DATA SUPPLIED —

□ □ □ □ □ □ □

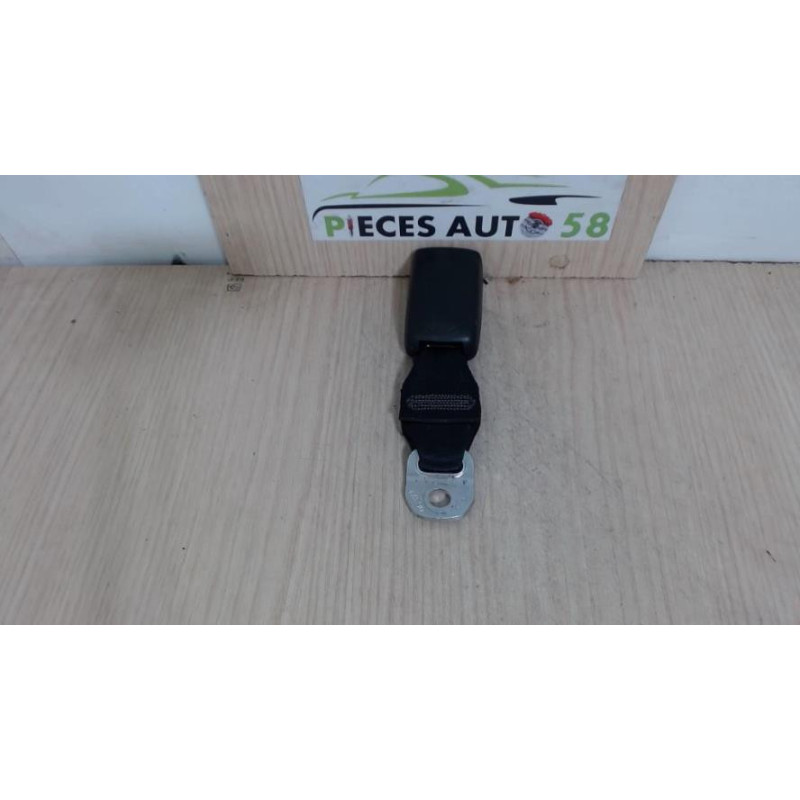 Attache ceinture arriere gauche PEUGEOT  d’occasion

□ □ □ □ □ □ □

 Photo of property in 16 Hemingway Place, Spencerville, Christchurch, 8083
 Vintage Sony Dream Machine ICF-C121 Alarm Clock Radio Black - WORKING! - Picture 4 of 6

□ □ □ □ □ □ □

WORK TO BE COMPLETED — Would you please write out, exactly and with no other lines, the stretch of the listing above from the line containing "Photo of property" through the line containing "Vintage Sony Dream"?

SOLUTION TO THIS EXERCISE —
 Photo of property in 16 Hemingway Place, Spencerville, Christchurch, 8083
 Vintage Sony Dream Machine ICF-C121 Alarm Clock Radio Black - WORKING! - Picture 4 of 6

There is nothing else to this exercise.